● **Web page caption snippets**
---------------
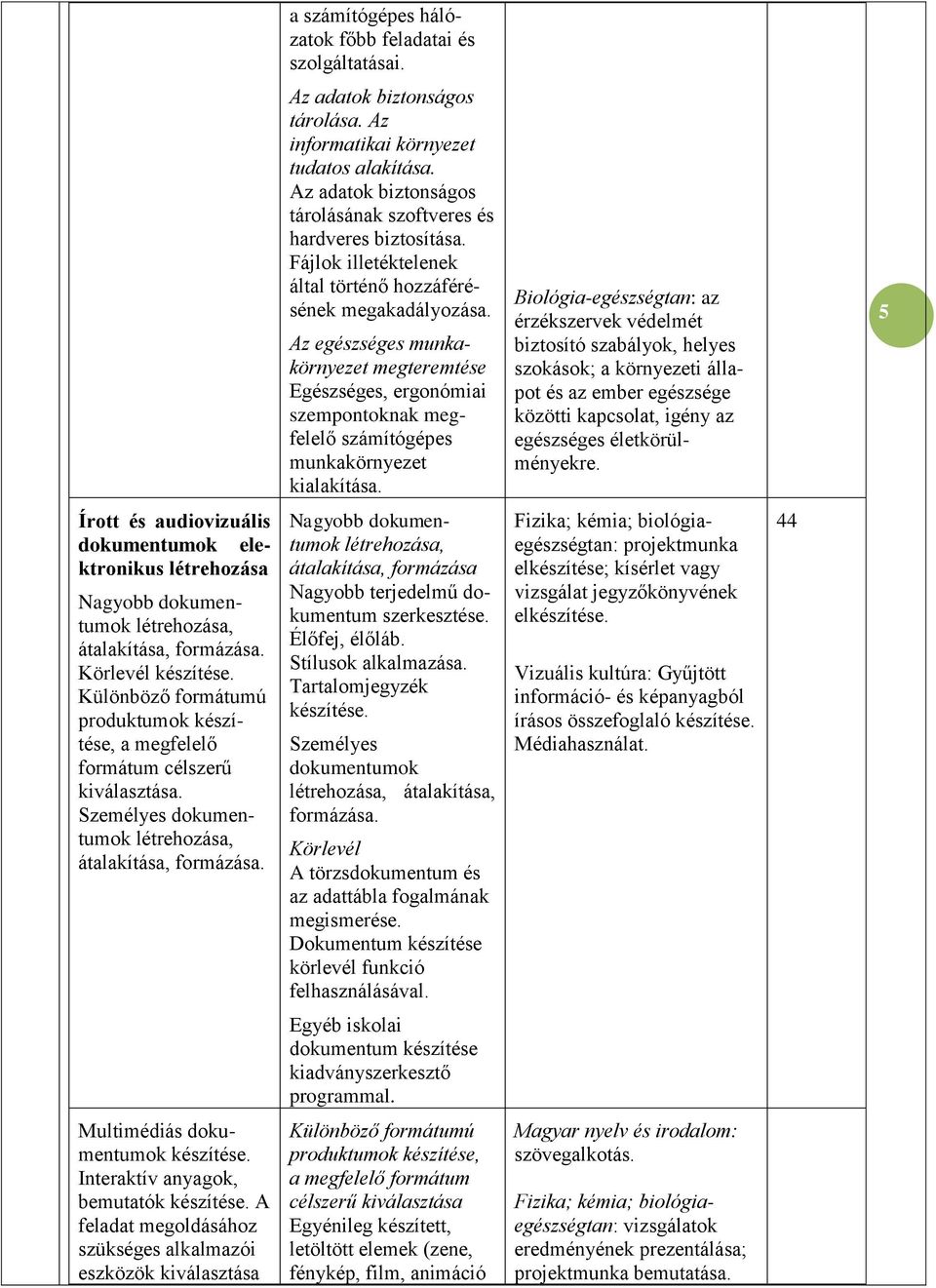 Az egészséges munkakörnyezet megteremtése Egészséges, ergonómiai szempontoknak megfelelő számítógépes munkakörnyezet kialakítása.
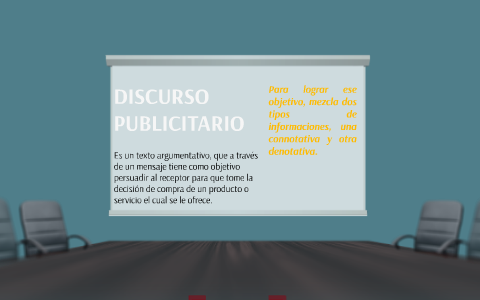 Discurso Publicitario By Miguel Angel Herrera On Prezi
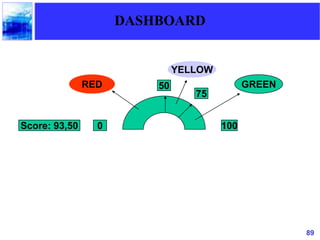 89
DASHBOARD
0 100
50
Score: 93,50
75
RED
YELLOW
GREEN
---------------
Render all entries verbatim, excluding any pictures they hold.

● **TASK SOLUTION**
 Az egészséges munkakörnyezet megteremtése Egészséges, ergonómiai szempontoknak megfelelő számítógépes munkakörnyezet kialakítása.
 Discurso Publicitario By Miguel Angel Herrera On Prezi
 89
DASHBOARD
0 100
50
Score: 93,50
75
RED
YELLOW
GREEN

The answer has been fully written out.